OTTAWA — For many young adults entering the workforce, the idea of teaming up with a large company with the potential for relocation and advancement may seem appealing. Still, there’s a need for a new generation of workers, especially with the pending retirement of many Baby Boomers, being felt among area small businesses.
Scott Wagner is the owner of Scott Wagner Plumbing and Heating in Ottawa. For him, the generational work transition will have an impact on his workforce.
“I’m going to have eight of us who will be getting ready to retire all near the same,” he said. “That’s a huge chunk because we have 24 people, and if you take eight out, that’s huge, plus the experience we’d be losing.”
To this point, Wagner has been able to find new HVAC workers to help serve his customers, often actively looking for them rather than having potential applicants seek him out.
“As far as our company goes, we go through a pretty good screening process when we bring people along,” Wagner said. “Most likely, if we’re interested in someone, we go after them. We’ve actually pulled about five people out of the HVAC program at (the University of Northwestern Ohio).”
Finding new skilled trade workers can be difficult for Wagner, especially with less emphasis put on trades as potential career paths for young people.

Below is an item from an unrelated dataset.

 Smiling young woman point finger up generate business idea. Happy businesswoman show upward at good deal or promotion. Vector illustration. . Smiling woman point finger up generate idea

“You don’t just learn this stuff overnight, and for many who have been brought up with phones and computers, they basically don’t want to get their hands dirty,” he said. “So if I have a young gentleman or lady going to school for this kind of education, I’ll give them a shot here.”
Brian Baker, of Burden Construction in Lima, also feels the pinch of a lack of young skilled trades workers coming up the pipeline.
“It’s been happening since the recession, when a lot of tradesmen got out of the industry,” he said.
While also actively recruiting new workers, Baker also touts the benefits for young workers in working in a smaller company.
“I would want to work for a smaller company where you feel more a part of the team and feel you have a more important role,” he said. “One of the biggest benefits you can have is time off if you have something to do, you have a doctor appointment, a family committment or if you want to take your family to the zoo for a day off, that’s a benefit I can give that maybe a Fortune 500 company can’t because of their human resource policies.”
The biggest attraction to smaller companies, Burden said, is building relationships.
“If you’re not proactive, you’ll fall by the wayside,” he said. “It’s all relationship-based. Just like our leads and sales and customers, we generate most of those through relationships and not marketing. So if I find a good carpenter with a good work ethic, I’ll go out and find them and bring them in.”